The Fall of the Roman Empire
Title | The Fall of the Roman Empire PDF eBook |
Author | Peter Heather |
Publisher | OUP USA |
Pages | 605 |
Release | 2007-06-11 |
Genre | History |
ISBN | 0195325419 |
Shows how Europe's barbarians, strengthened by centuries of contact with Rome on many levels, turned into an enemy capable of overturning and dismantling the mighty Empire.

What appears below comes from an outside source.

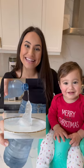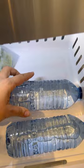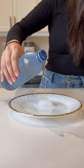Instant ice with science and Noah. Place a bottle of water free of impurities in the freezer for two hours. This allows the water to cool below freezing point but remain liquid.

Ancient States and Empires
Title | Ancient States and Empires PDF eBook |
Author | John Lord |
Publisher | Library of Alexandria |
Pages | 838 |
Release | 2008-01-01 |
Genre | Fiction |
ISBN | 1465538097 |
The Making of the Abrahamic Religions in Late Antiquity
Title | The Making of the Abrahamic Religions in Late Antiquity PDF eBook |
Author | Guy G. Stroumsa |
Publisher | OUP Oxford |
Pages | 314 |
Release | 2015-07-30 |
Genre | Religion |
ISBN | 0191059137 |
This book presents how ancient Christianity must be understood from the viewpoint of the history of religions in late antiquity. The continuation of biblical prophecy runs like a thread from Jesus through Mani to Muhammad. And yet this thread, arguably the single most important characteristic of the Abrahamic movement, often remains outside the mainstream, hidden, as it were, since it generates heresy. The figures of the Gnostic, the Holy man, and the mystic are all sequels of the Israelite prophet. They reflect a mode of religiosity that is characterized by high intensity. It is centripetal and activist by nature and emphasizes sectarianism and polemics, esoteric knowledge, or gnosis and charisma. The other mode of religiosity, obviously much more common than the first one, is centrifugal and irenic. It favours an ecumenical attitude, contents itself with a widely shared faith, or pistis, and reflects, in Weberian parlance, the routinisation of the new religious movement. This is the mode of priests and bishops, rather than that of martyrs and holy men. These two main modes of religion, high versus low intensity, exist simultaneously, and cross the boundaries of religious communities. They offer a tool permitting us to follow the transformations of religion in late antiquity in general, and in ancient Christianity in particular, without becoming prisoners of the traditional categories of Patristic literature. Through the dialectical relationship between these two modes of religiosity, one can follow the complex transformations of ancient Christianity in its broad religious context.